■ Problem ■
A faithful copy of all the data is the goal; omit the pictures.

■ Data ■
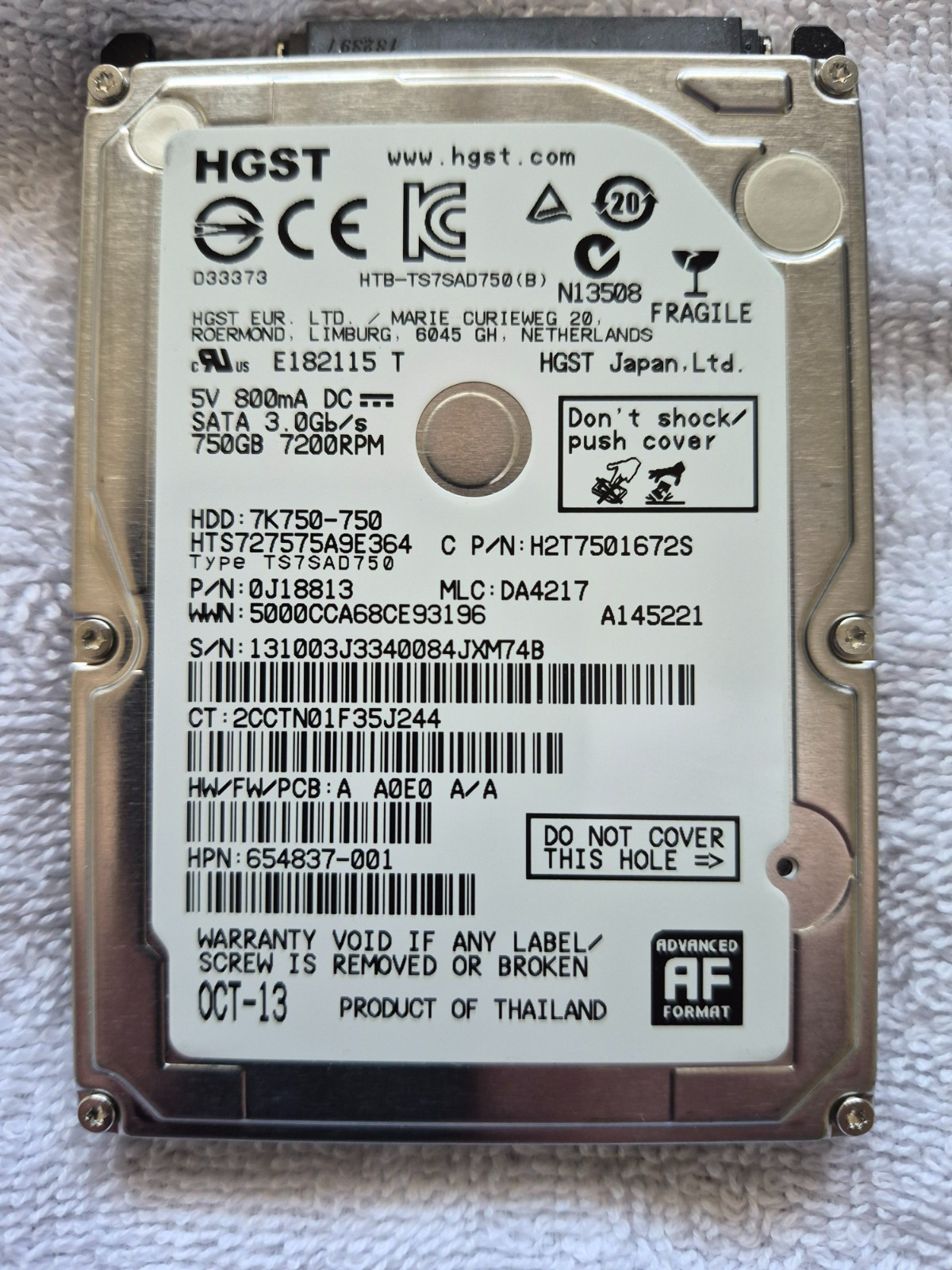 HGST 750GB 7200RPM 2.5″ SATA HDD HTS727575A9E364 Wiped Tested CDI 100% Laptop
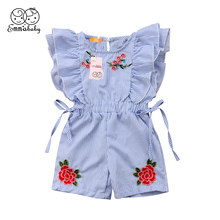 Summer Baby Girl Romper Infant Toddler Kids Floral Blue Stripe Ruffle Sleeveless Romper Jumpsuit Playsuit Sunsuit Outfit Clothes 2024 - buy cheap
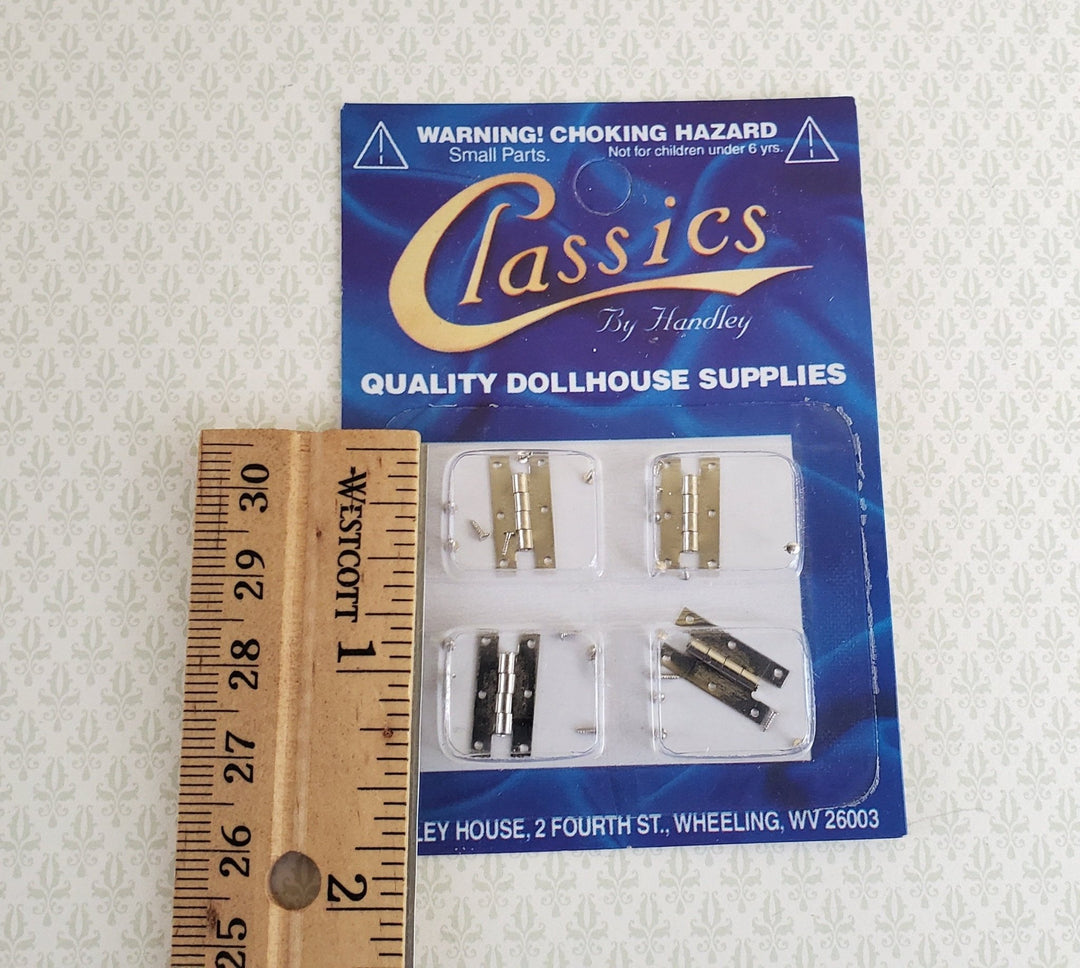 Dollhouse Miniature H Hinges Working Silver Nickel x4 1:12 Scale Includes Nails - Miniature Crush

■ Task response ■
 HGST 750GB 7200RPM 2.5″ SATA HDD HTS727575A9E364 Wiped Tested CDI 100% Laptop
 Summer Baby Girl Romper Infant Toddler Kids Floral Blue Stripe Ruffle Sleeveless Romper Jumpsuit Playsuit Sunsuit Outfit Clothes 2024 - buy cheap
 Dollhouse Miniature H Hinges Working Silver Nickel x4 1:12 Scale Includes Nails - Miniature Crush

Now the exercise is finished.